The feedback we heard is largely consistent with our view of the condition, underwriting standards and potential losses across ABR's loan book. 

DE

Short Thesis: Low rates helped fuel profits at Deere & Company (DE) and other agriculture equipment suppliers. Ethanol-blending mandates, falling/negative real rates and investor interest led to a NASDAQ-like bubble in farmland values. Farmers have been able to tap that value to borrow and supplement spending. Farming is as mature and sub-GDP growth as Industrials get. Consensus expects higher EPS for DE, which we believe is a very unlikely scenario in #Quad4 for a company already trading at peak. We see DE EPS missing substantially over the next several quarters.

Backlog orders are substantially overpriced; Caterpillar Inc. and Deere & Company (DE) are reporting highest margins ever; not a cyclical set up in which alpha is made. "This is true cyclical history right now," says Van Sciver.

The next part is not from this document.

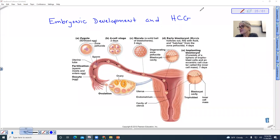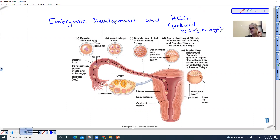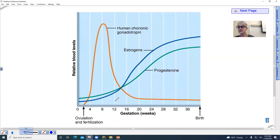In our discussion of the reproductive system, I mentioned the maintenance of pregnancy being accomplished by the presence of human chorionic gonadotropin, or the hormone HCG. This is actually produced by the early embryo prior to the development of the placenta. The embryo implants in the lining of the uterus and initially gets its nutrients by feeding off that lining, so it doesn't yet have the placenta. In order to maintain that lining, HCG levels need to increase substantially and stay high for at least three months.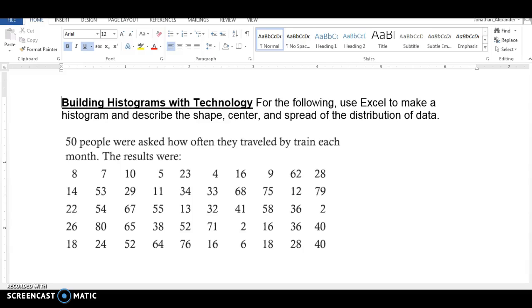This is Mr. Alexander and I want to show you today how to make histograms using Microsoft Excel version 2013. I'm going to use this example that I have pulled up here on my screen. It says 50 people were asked how often they traveled by train each month. The results were the following numbers.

Van Sciver discussed DE in the June 2 edition of The Call @ Hedgeye. Click here to watch the 18-minute video.

NEM

Long Thesis: In addition to GLD and Physical Gold, we remain bullish on Gold Miners (GDX) and Newmont Corporation (NEM), the world's largest gold mining company.  

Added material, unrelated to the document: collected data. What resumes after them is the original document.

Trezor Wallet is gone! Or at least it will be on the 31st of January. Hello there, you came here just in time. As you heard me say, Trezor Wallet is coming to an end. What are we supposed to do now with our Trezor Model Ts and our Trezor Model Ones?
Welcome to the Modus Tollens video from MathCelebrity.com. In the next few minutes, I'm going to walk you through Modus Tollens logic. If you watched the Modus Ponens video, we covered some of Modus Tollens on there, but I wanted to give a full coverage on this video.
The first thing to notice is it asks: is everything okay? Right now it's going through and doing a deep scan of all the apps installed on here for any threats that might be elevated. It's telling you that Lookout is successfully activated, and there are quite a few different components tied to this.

While the broader commodities complex is a notable underperformer amid Quad 4 environments, tend to be the exception. Gold’s flight-to-safety appeal is most pronounced in Quad 4, an environment that historically corresponds to declining real rates.

HSY | CLX

The Hershey Company (HSY) and Clorox (CLX) Long Thesis: Consumer Staples historically outperform in Quad 4. As Keith McCullough said in his May 23 Coaching Notes, CLX and HSY aren't sexy like YOLO weekly TSLA Call Options, but they are part of playing our game, our way.

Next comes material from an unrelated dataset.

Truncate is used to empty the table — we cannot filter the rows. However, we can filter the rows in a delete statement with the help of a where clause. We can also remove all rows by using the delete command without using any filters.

In its 1Q earnings call last month, Hershey (HSY) reported EPS of $2.96 vs. $2.67. Revenue was in line (excluding a pull forward) with organic growth of 12.2%, accelerating from 10.7% sequentially. The total company price increased by 8.9% while volume/mix increased by 3.3% compared to Q1 price increase of 8.5% and volume/mix grew by 2.2%. Earlier summer shipments added 1.5% points of growth to Q1. Price elasticity in Q1 was similar to the 2H.

KNX

Knight-Swift Transportation (KNX) was added to the Investing Ideas short list on May 30. We'll have more on KNX in the coming weeks. Here are Coaching Notes from Keith McCullough on May 31, when he covered his KNX short:

I guess the Macro Tourists (who were buying Truckers and Airline Stocks on Down Oil yesterday), just got schooled by the pros. The Global Cycle (China, Europe and USA) is slowing at a faster rate right now, and Industrials/Cyclicals are pricing that reality.

DLR

Digital Realty Trust (DLR) was added to the Investing Ideas short list on May 30. Simone will discuss DLR in-depth during a Black Book webcast on June 15. Here's what he said about the company during the May 30 edition of The Call @ Hedgeye:

AI narrative REIT; bought some big platforms; did some other deals at low-cap rates; model requires them to invest a ton of capital to maintain returns; has become a narrative stock; DLR remains a short.

Click here to watch the 4-minute video.

ONON

On Holding (ONON) was added to the Investing Ideas short list on May 30. We'll have more about ONON in the coming weeks. In a Best Ideas Roundup in April, the Retail team said the shoe retailer is growing too quickly, and is riding the strength of one product, rather than building a brand as a whole.

Click here to watch the 15-minute video.

GOLF

Acushnet Holdings Corp (GOLF) was added to the Investing Ideas short list on June 1. Retail analyst Jeremy McLean discussed GOLF in the June 2 edition of The Call @ Hedgeye:

We think we’ll see a tempering of how core golfers are spending on new equipment; build up of used equipment; had some insider sales; CFO is planning to leave next year; GOLF remains a short.